How I solved an OutOfMemoryError using a concurrent state machine

June 29, 2020

Many concurrent problems can be solved through a concurrent state machine. This leads to better scalability and in my case better memory utilization.

I learned this through an OutOfMemoryError exception. And this video from Dr. Cliff Click.

The problem: An OutOfMemoryError exception

Running my tool with the neo4j-analytics benchmark from the renaissance benchmark suite let to an OutOfMemoryError. By using the JVM arguments -XX:+HeapDumpOnOutOfMemoryError I generated a heap dump. The Eclipse memory analyzer showed that I was creating too many instances of the class com.vmlens.trace.agent.bootstrap.callback.state.ObjectState: More than forty-five thousand or two gigabytes RAM.

I added a field to each class to log the threads accessing the fields of this class. I created a new instance of com.vmlens.trace.agent.bootstrap.callback.state.ObjectState in the constructor of each class. And I updated the values from com.vmlens.trace.agent.bootstrap.callback.state.ObjectState using a synchronized block.

The solution: A concurrent state machine

A friend of mine told me about a video from Dr. Cliff Click. In it, Dr. Cliff Click shows how we can use state machines to implement a concurrent hash map. This was the solution: I can also use a concurrent state machine. The state machine starts with null, goes to SingleThreaded, and from there to MultiThreaded.
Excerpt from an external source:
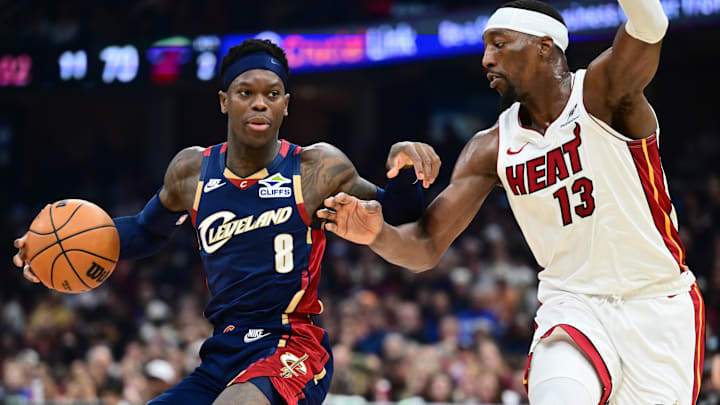 Mar 27, 2026; Cleveland, Ohio, USA; Cleveland Cavaliers guard Dennis Schroder (8) drives to the basket against Miami Heat center Bam Adebayo (13) during the second half at Rocket Arena. Mandatory Credit: Ken Blaze-Imagn Images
To implement the state machine I use the method compareAndSet from the class java.util.concurrent.atomic.AtomicReferenceFieldUpdater. This method lets you execute the two operations compare and set atomically. The method typically directly maps to a machine code instruction. Starting with JDK 9 you also can use java.lang.invoke.VarHandle instead of java.util.concurrent.atomic.AtomicReferenceFieldUpdater.

We need to retry the method compareAndSet until it succeeds. This retry loop is already implemented in the class java.util.concurrent.atomic.AtomicReferenceFieldUpdater in the method updateAndGet:

public final V updateAndGet(T obj, UnaryOperator<V> updateFunction) {
  V prev, next;
  do {
     prev = get(obj);
     next = updateFunction.apply(prev);
  } while (!compareAndSet(obj, prev, next));
  return next;
}
Using this method the source code of our state machine looks like this:
volatile State state = null;
private static final AtomicReferenceFieldUpdater STATE = 
	AtomicReferenceFieldUpdater.newUpdater(
	ObjectWithState.class, State.class, "state");
public void update(ObjectWithState object) {
  STATE.updateAndGet(object, (current) -> {
  if (current == null) {
   return new SingleThreaded(); 
  }
  return new MultiThreaded(current);
 });
}

Using the new way to store the data I now need three hundred megabytes instead of two gigabytes.

Updating multiple variables

There is currently no method to update multiple variables atomically. But often we can still use compareAndSet for multiple variables. When our state machine does not contain cycles and we access the next variable only when we reached a specific state, we still can use compareAndSet, even for multiple variables.

An example of this technique is the class java.util.concurrent.FutureTask. This class uses a state machine stored in the variable state. The dependent variable outcome is only read or written when we reached a specific state.

The states are documented in the JavaDoc of the class:

/*
* Possible state transitions:
* NEW -> COMPLETING -> NORMAL
* NEW -> COMPLETING -> EXCEPTIONAL
* NEW -> CANCELLED
* NEW -> INTERRUPTING -> INTERRUPTED
*/

The following shows the source code to update the variable outcome. We only update the variable outcome when we managed to set the state COMPLETING:

protected void set(V v) {
   if (STATE.compareAndSet(this, 
         NEW, COMPLETING)) {
     outcome = v;
     STATE.setRelease(this, 
        NORMAL); // final state
     finishCompletion();
   }
}

The static field STATE is a java.lang.invoke.VarHandle to call compareAndSet for the variable state.

Conclusion

After realizing that I was implementing a concurrent state machine, I was able to reduce the size from two gigabytes to three hundred megabytes. An algorithm using compareAndSet, which is used to implement the concurrent state machines, typically scale better than a lock-based algorithm. For example, for write operations, the concurrent hash map by Dr. Cliff Click scales better than the locked based java.util.concurrent.ConcurrentHashMap.